Alternative Fuel - Carbon Neutral and Negative Fuels

Carbon Neutral and Negative Fuels

Carbon neutral fuel is synthetic fuel — such as methane, gasoline, diesel fuel or jet fuel — produced from renewable or nuclear energy used to hydrogenate waste carbon dioxide recycled from power plant flue exhaust gas or derived from carbonic acid in seawater. Such fuels are potentially carbon neutral because they do not result in a net increase in atmospheric greenhouse gases. To the extent that carbon neutral fuels displace fossil fuels, or if they are produced from waste carbon or seawater carbonic acid, and their combustion is subject to carbon capture at the flue or exhaust pipe, they result in negative carbon dioxide emission and net carbon dioxide removal from the atmosphere, and thus constitute a form of greenhouse gas remediation. Such carbon neutral and negative fuels can be produced by the electrolysis of water to make hydrogen used in the Sabatier reaction to produce methane which may then be stored to be burned later in power plants as synthetic natural gas, transported by pipeline, truck, or tanker ship, or be used in gas to liquids processes such as the Fischer–Tropsch process to make traditional transportation or heating fuels.

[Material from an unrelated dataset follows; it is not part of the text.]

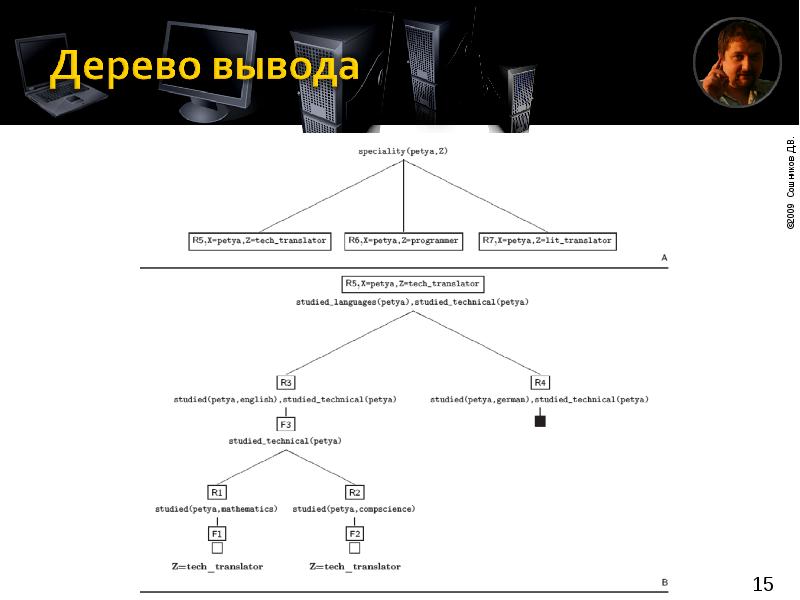 Дерево вывода. Логический вывод Пролог. Дерево вывода Пролог. Логическая компания Prolog.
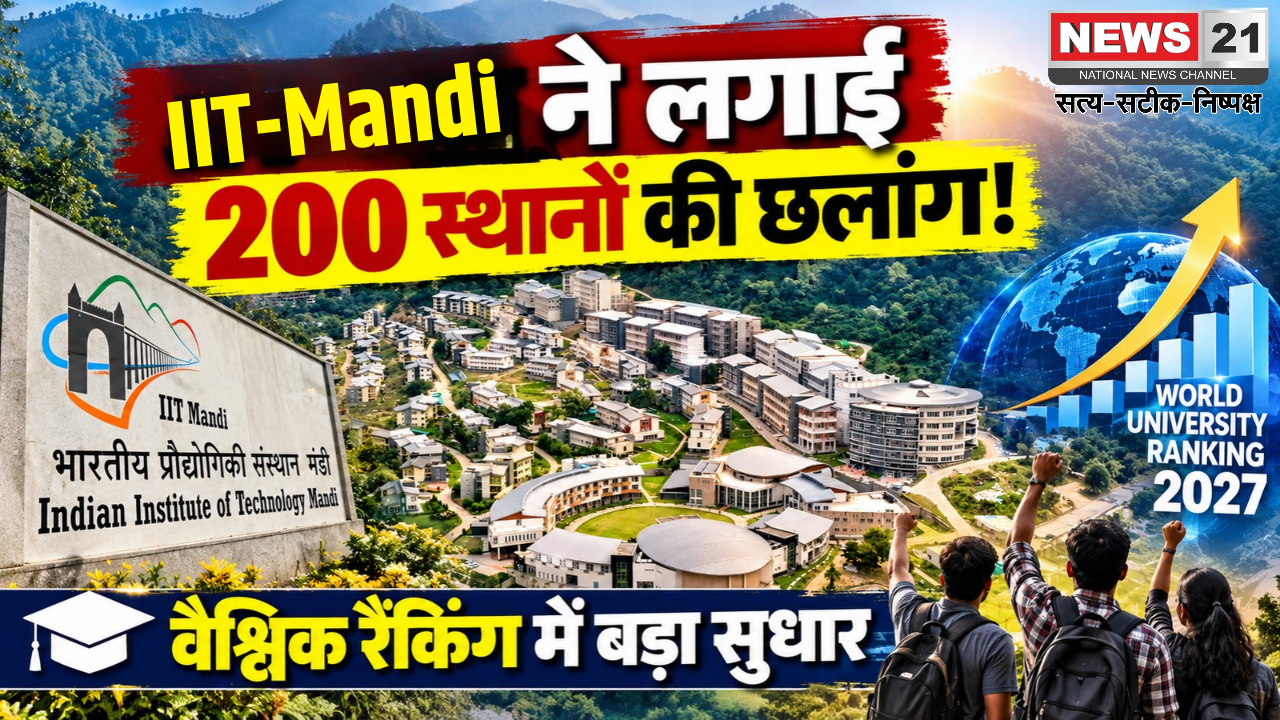 IIT-Mandi-The-World-University-Ranking-2027-jump: वर्ल्ड यूनिवर्सिटी रैंकिंग 2027 में लगाई 200 स्थानों की छलांग, वैश्विक रैंकिंग में बड़ा सुधार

Carbon neutral fuels have been proposed for distributed storage for renewable energy, minimizing problems of wind and solar intermittency, and enabling transmission of wind, water, and solar power through existing natural gas pipelines. Such renewable fuels could alleviate the costs and dependency issues of imported fossil fuels without requiring either electrification of the vehicle fleet or conversion to hydrogen or other fuels, enabling continued compatible and affordable vehicles. Germany has built a 250 kilowatt synthetic methane plant which they are scaling up to 10 megawatts. Commercial developments are taking place in Columbia, South Carolina, Camarillo, California, and Darlington, England.

The least expensive source of carbon for recycling into fuel is flue-gas emissions from fossil-fuel combustion where it can be extracted for about USD $7.50 per ton. Automobile exhaust gas capture has also been proposed to be economical but would require extensive design changes or retrofitting. Since carbonic acid in seawater is in chemical equilibrium with atmospheric carbon dioxide, extraction of carbon from seawater has been studied. Researchers have estimated that carbon extraction from seawater would cost about $50 per ton. Carbon capture from ambient air is more costly, at between $600 and $1000 per ton and is considered impractical for fuel synthesis or carbon sequestration.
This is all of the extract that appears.